SmartNICs Project Final Report
Our DOE ASCR-funded "Offloading Data Management Services to SmartNICS" project published this 144-page unclassified unlimited release (UUR) technical report.
Abstract
Modern workflows for high-performance computing (HPC) platforms rely on data management and storage services (DMSSes) to migrate data between simulations, analysis tools, and storage systems. While DMSSes help researchers assemble complex pipelines from disjoint tools, they currently consume resources that ultimately increase the workflow's overall node count. In FY21-23 the DOE ASCR project "Offloading Data Management Services to SmartNICs" explored a new architectural option for addressing this problem: hosting services in programmable network interface cards (SmartNICs). This report summarizes our work in characterizing the NVIDIA BlueField-2 SmartNIC and defining a general environment for hosting services in compute-node SmartNICs that leverages Apache Arrow for data processing and Sandia's Faodel for communication. We discuss five different aspects of SmartNIC use.

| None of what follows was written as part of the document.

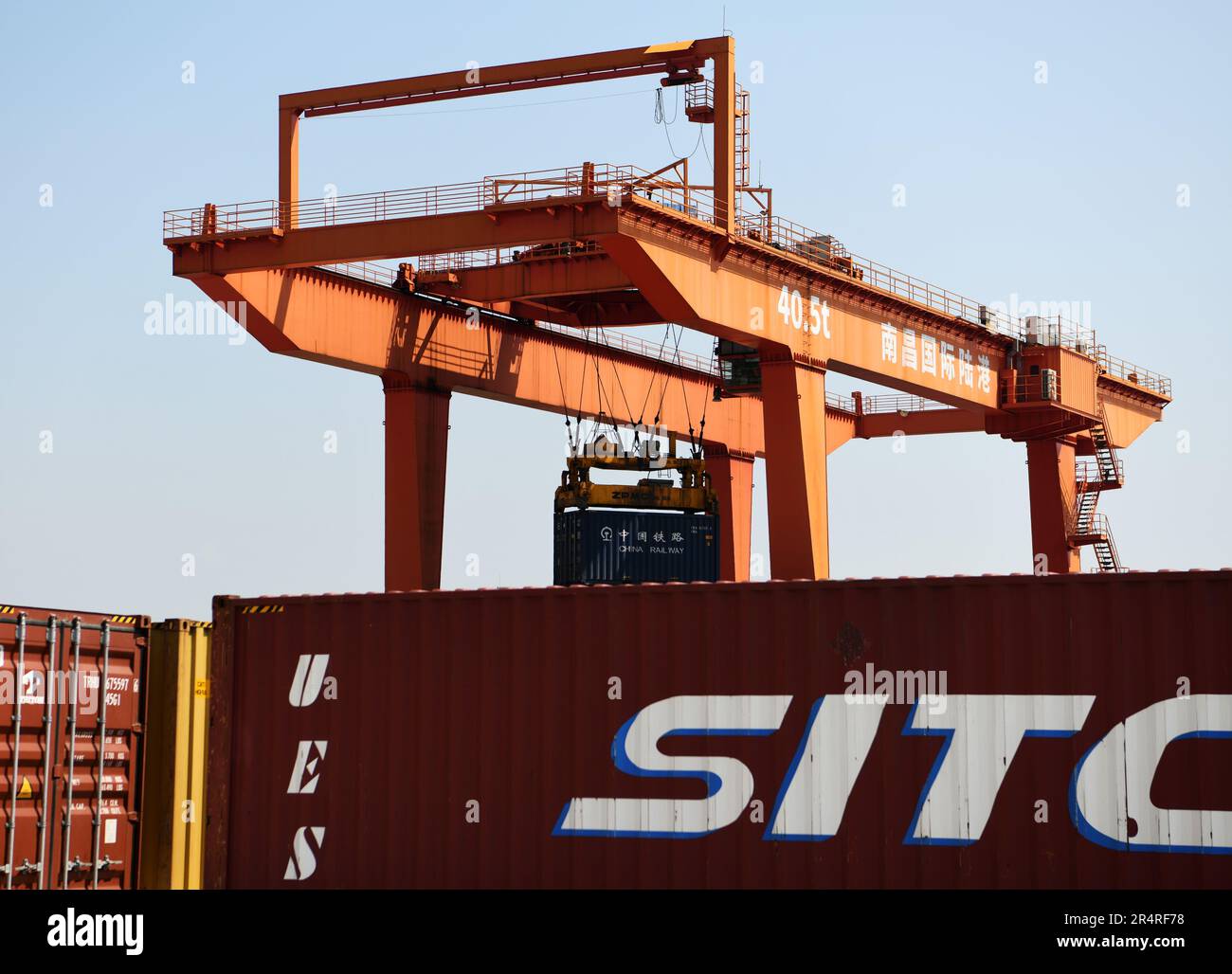 NANCHANG, CHINA - MAY 29, 2023 - A gantry crane lifts containers at the Nanchang International Land Port in Nanchang, Jiangxi province, China, on May Stock Photo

Performance experiments with Sandia's Glinda cluster indicate that while SmartNIC processors are an order of magnitude slower than servers, they offer an economical and power efficient alternative for hosting services.
Publication
- SAND Report Craig Ulmer, Jianshen Liu, Carlos Maltzahn, Aldrin Montana, Matthew L. Curry, Scott Levy, Whit Schonbein, and John Shawger, "Offloading Data Management Services to SmartNICs: Project Summary". SAND2024-03873, April 2024.
Presentations
- HPC Initiatives Slides: Presentation I gave at the SNL HPC Initiatives seminar in January.
- SRU Slides: Presentation I gave to an undergraduate Computer Engineering class at Slippery Rock University in October.